**TASK DATA:**
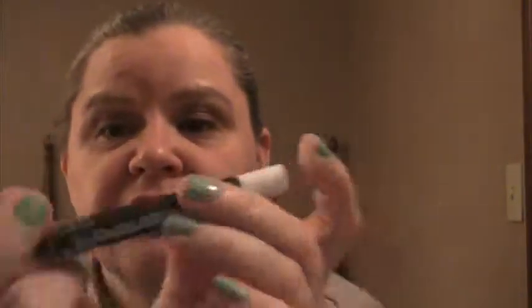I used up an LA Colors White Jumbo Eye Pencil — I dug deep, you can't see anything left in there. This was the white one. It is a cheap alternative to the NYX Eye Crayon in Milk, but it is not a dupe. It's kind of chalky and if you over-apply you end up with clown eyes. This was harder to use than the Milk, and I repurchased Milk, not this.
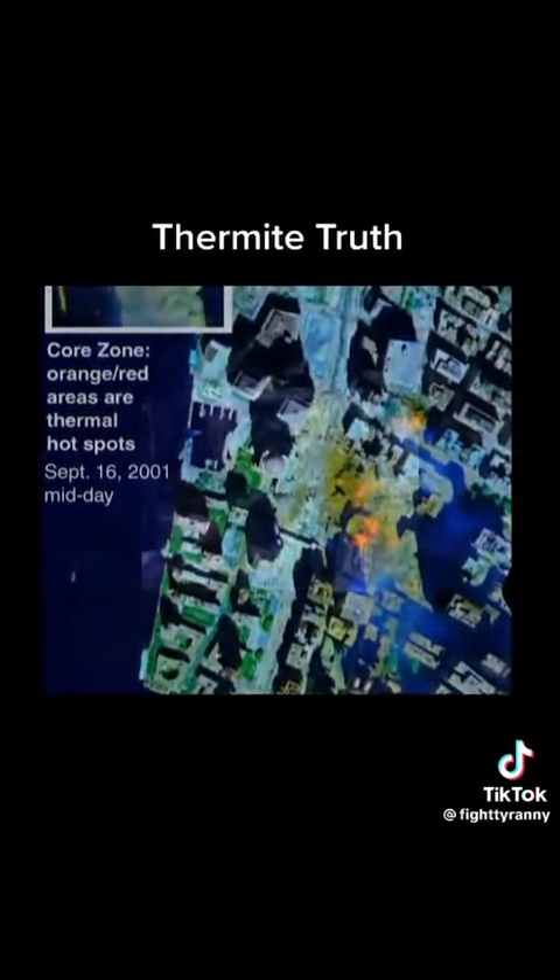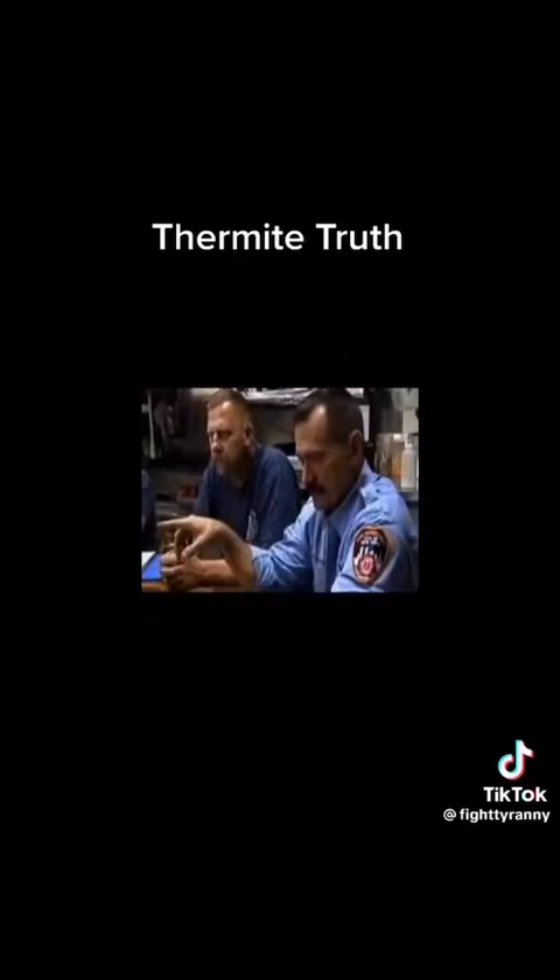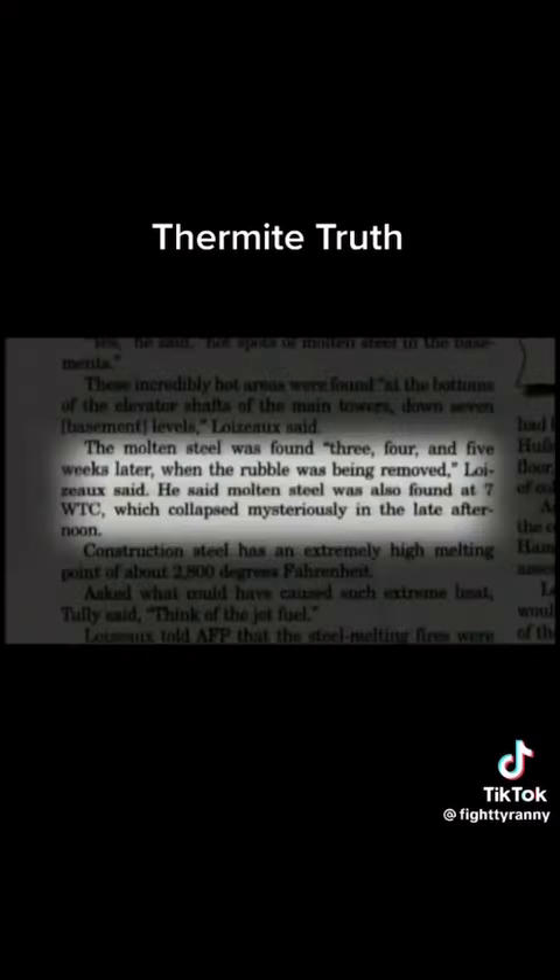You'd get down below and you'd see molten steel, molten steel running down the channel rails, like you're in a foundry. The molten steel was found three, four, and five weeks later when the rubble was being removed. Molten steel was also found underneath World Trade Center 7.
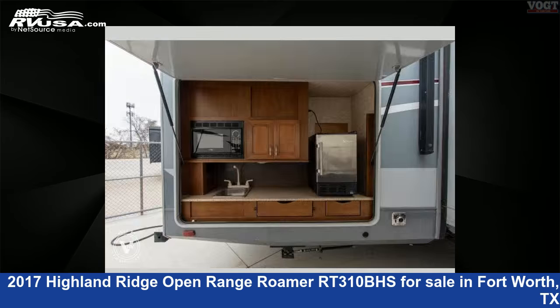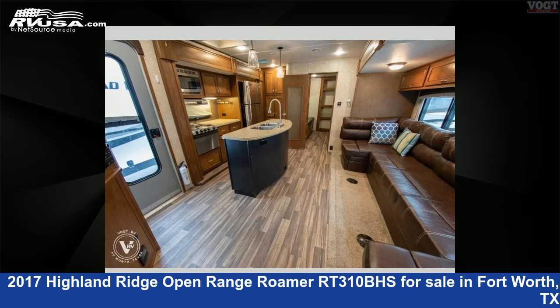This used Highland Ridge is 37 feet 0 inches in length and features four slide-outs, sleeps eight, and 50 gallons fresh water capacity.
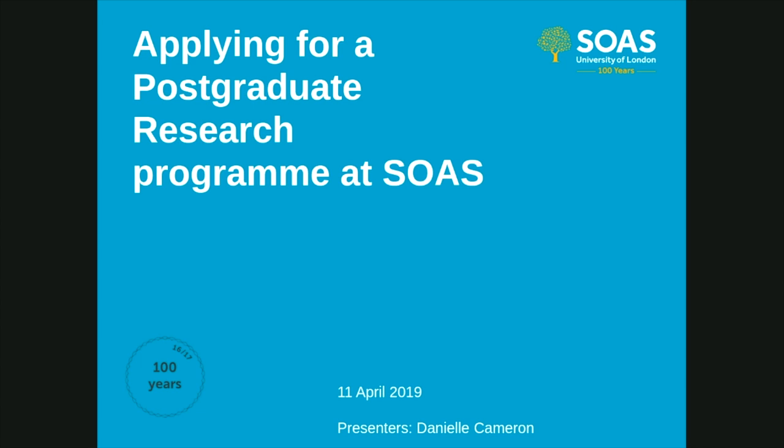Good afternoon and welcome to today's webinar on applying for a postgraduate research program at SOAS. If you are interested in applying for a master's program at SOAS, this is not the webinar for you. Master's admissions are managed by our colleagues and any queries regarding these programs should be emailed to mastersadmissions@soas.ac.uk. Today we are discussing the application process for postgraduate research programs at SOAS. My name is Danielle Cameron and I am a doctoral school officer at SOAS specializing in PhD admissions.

==

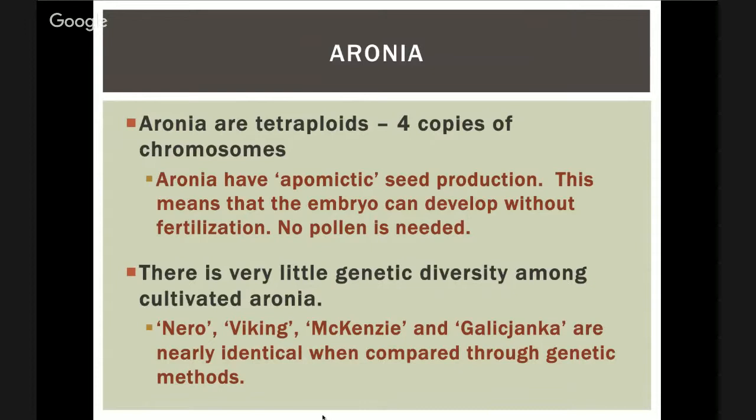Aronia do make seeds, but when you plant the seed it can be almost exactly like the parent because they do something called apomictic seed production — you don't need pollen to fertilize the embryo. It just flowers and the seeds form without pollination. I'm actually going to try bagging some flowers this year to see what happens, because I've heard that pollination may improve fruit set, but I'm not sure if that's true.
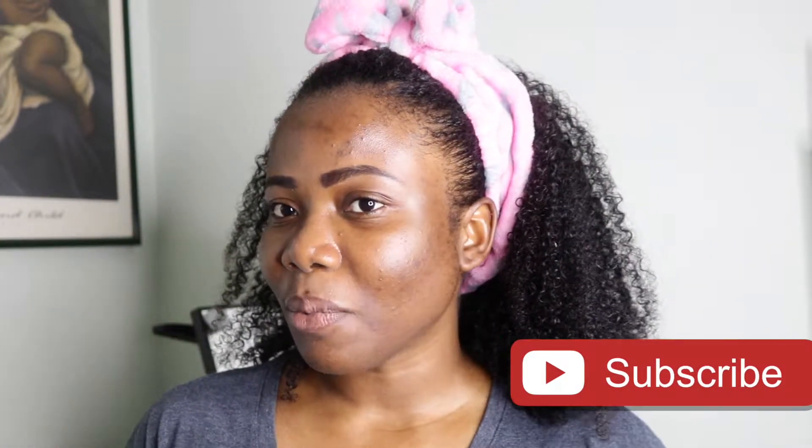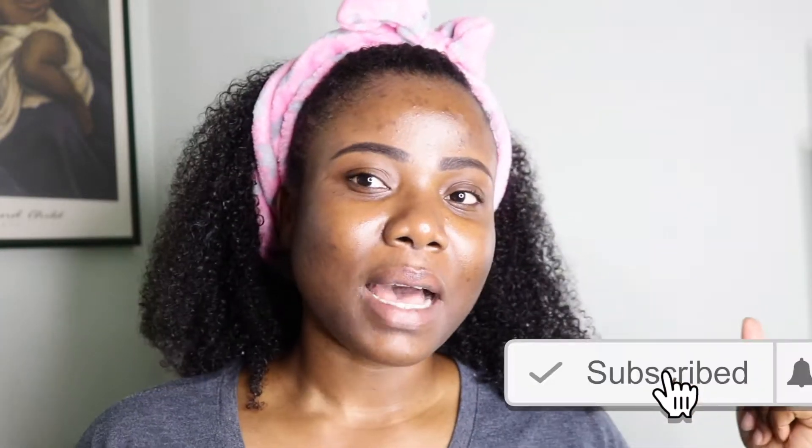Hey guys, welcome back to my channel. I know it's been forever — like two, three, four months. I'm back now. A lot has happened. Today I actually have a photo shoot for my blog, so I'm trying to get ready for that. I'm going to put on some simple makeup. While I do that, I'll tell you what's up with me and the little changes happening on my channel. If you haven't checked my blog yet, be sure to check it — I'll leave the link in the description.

**EXERCISE DIRECTIONS:** Exactly the lines starting at the one above with "Aronia do make" and ending at the one with "Hey guys, welcome" should be printed, and nothing else. Omit the pictures.

**WORKED SOLUTION:**
Aronia do make seeds, but when you plant the seed it can be almost exactly like the parent because they do something called apomictic seed production — you don't need pollen to fertilize the embryo. It just flowers and the seeds form without pollination. I'm actually going to try bagging some flowers this year to see what happens, because I've heard that pollination may improve fruit set, but I'm not sure if that's true.
Hey guys, welcome back to my channel. I know it's been forever — like two, three, four months. I'm back now. A lot has happened. Today I actually have a photo shoot for my blog, so I'm trying to get ready for that. I'm going to put on some simple makeup. While I do that, I'll tell you what's up with me and the little changes happening on my channel. If you haven't checked my blog yet, be sure to check it — I'll leave the link in the description.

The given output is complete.